* **EXERCISE**
Output the listing exactly as written, apart from its pictures.

* **SUPPLIED DATA**

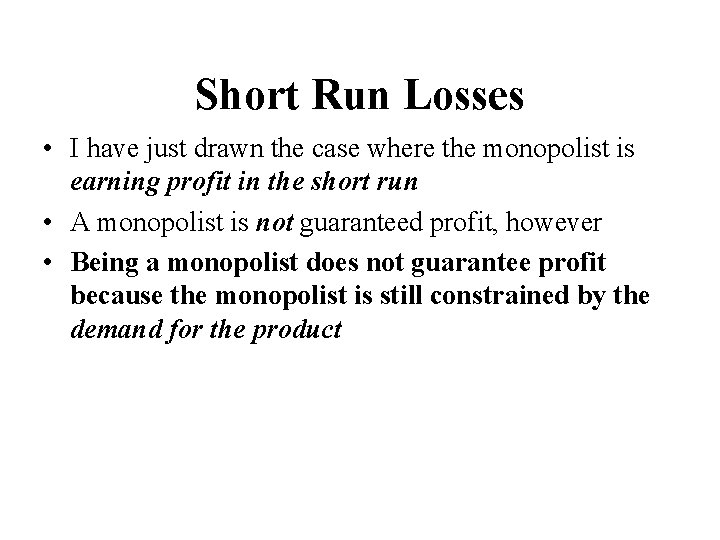 Short Run Losses • I have just drawn the case where the monopolist is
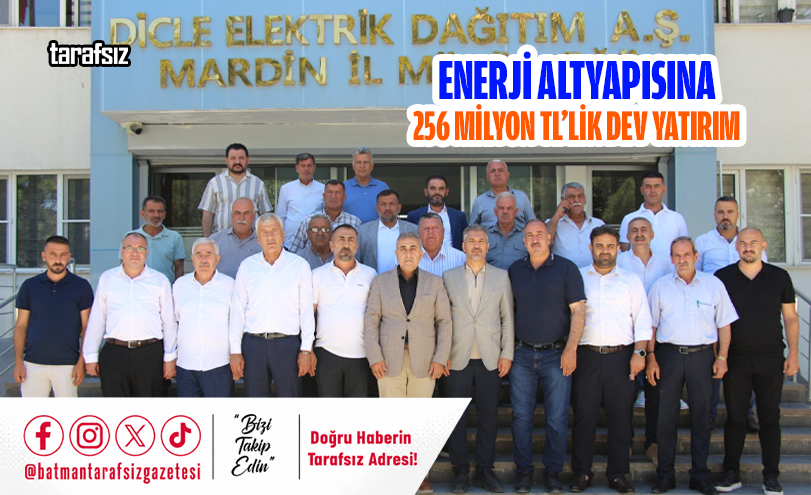 Enerji Altyapısına 256 Milyon TL’lik Dev Yatırım
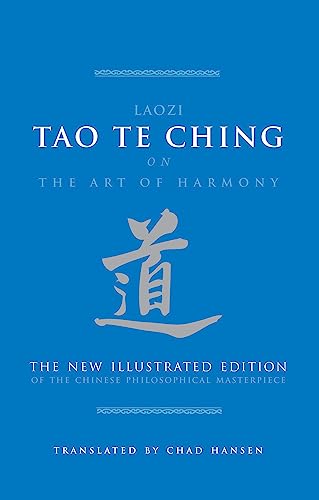 Tao Te Ching on the Art of Harmony: The New Illustrated Edition of the Chinese Philosophical Masterpiece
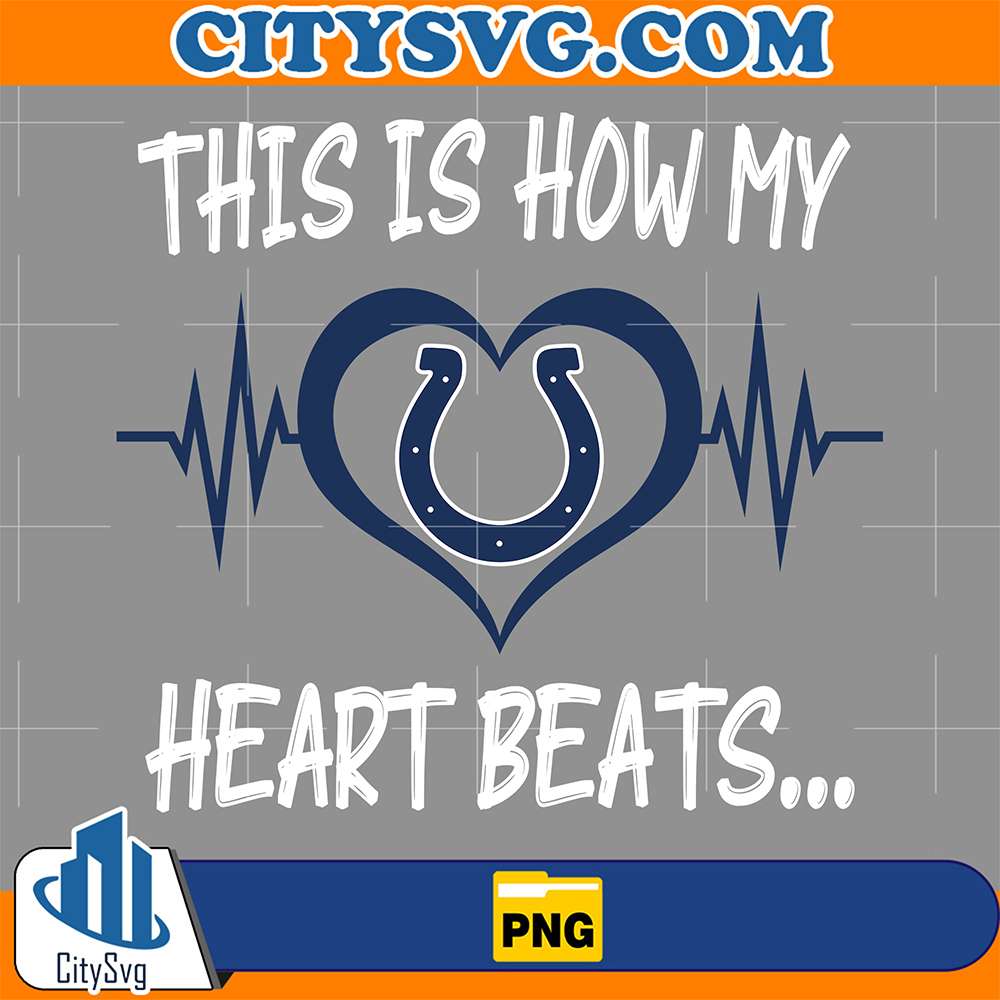 This-Is-How-My-Heart-Beats-Indianapolis-Colts-Png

* **ANSWER TO THE PROBLEM**
 Short Run Losses • I have just drawn the case where the monopolist is
 Enerji Altyapısına 256 Milyon TL’lik Dev Yatırım
 Tao Te Ching on the Art of Harmony: The New Illustrated Edition of the Chinese Philosophical Masterpiece
 This-Is-How-My-Heart-Beats-Indianapolis-Colts-Png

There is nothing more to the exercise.